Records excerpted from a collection
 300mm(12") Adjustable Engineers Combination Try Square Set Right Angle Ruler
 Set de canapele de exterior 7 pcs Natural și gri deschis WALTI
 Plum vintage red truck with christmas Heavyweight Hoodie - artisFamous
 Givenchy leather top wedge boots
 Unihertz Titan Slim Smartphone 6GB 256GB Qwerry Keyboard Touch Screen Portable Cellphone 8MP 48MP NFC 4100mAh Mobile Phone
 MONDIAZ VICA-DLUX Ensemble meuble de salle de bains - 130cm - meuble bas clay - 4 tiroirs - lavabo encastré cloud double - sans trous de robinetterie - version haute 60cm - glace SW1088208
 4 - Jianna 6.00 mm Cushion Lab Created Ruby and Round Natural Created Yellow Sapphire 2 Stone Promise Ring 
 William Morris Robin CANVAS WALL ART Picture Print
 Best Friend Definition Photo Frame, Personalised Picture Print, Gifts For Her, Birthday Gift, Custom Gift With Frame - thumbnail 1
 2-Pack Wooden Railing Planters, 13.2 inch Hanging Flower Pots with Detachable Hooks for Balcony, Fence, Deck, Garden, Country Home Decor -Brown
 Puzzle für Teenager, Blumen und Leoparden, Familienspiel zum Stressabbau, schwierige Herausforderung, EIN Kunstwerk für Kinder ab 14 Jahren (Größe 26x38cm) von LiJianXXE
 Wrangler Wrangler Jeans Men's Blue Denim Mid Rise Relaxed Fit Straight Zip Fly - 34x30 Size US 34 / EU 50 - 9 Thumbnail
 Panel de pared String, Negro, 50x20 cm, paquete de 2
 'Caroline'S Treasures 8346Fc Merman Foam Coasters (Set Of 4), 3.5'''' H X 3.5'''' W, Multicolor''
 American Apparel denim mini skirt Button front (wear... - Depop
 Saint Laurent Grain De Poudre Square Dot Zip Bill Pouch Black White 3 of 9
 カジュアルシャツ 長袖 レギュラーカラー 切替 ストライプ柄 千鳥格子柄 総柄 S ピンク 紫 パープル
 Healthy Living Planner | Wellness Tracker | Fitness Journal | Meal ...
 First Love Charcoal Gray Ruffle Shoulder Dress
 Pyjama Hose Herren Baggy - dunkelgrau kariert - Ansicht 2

WORK REQUEST: Each record above is to be written out again, without any change.

EXPECTED ANSWER:
 300mm(12") Adjustable Engineers Combination Try Square Set Right Angle Ruler
 Set de canapele de exterior 7 pcs Natural și gri deschis WALTI
 Plum vintage red truck with christmas Heavyweight Hoodie - artisFamous
 Givenchy leather top wedge boots
 Unihertz Titan Slim Smartphone 6GB 256GB Qwerry Keyboard Touch Screen Portable Cellphone 8MP 48MP NFC 4100mAh Mobile Phone
 MONDIAZ VICA-DLUX Ensemble meuble de salle de bains - 130cm - meuble bas clay - 4 tiroirs - lavabo encastré cloud double - sans trous de robinetterie - version haute 60cm - glace SW1088208
 4 - Jianna 6.00 mm Cushion Lab Created Ruby and Round Natural Created Yellow Sapphire 2 Stone Promise Ring 
 William Morris Robin CANVAS WALL ART Picture Print
 Best Friend Definition Photo Frame, Personalised Picture Print, Gifts For Her, Birthday Gift, Custom Gift With Frame - thumbnail 1
 2-Pack Wooden Railing Planters, 13.2 inch Hanging Flower Pots with Detachable Hooks for Balcony, Fence, Deck, Garden, Country Home Decor -Brown
 Puzzle für Teenager, Blumen und Leoparden, Familienspiel zum Stressabbau, schwierige Herausforderung, EIN Kunstwerk für Kinder ab 14 Jahren (Größe 26x38cm) von LiJianXXE
 Wrangler Wrangler Jeans Men's Blue Denim Mid Rise Relaxed Fit Straight Zip Fly - 34x30 Size US 34 / EU 50 - 9 Thumbnail
 Panel de pared String, Negro, 50x20 cm, paquete de 2
 'Caroline'S Treasures 8346Fc Merman Foam Coasters (Set Of 4), 3.5'''' H X 3.5'''' W, Multicolor''
 American Apparel denim mini skirt Button front (wear... - Depop
 Saint Laurent Grain De Poudre Square Dot Zip Bill Pouch Black White 3 of 9
 カジュアルシャツ 長袖 レギュラーカラー 切替 ストライプ柄 千鳥格子柄 総柄 S ピンク 紫 パープル
 Healthy Living Planner | Wellness Tracker | Fitness Journal | Meal ...
 First Love Charcoal Gray Ruffle Shoulder Dress
 Pyjama Hose Herren Baggy - dunkelgrau kariert - Ansicht 2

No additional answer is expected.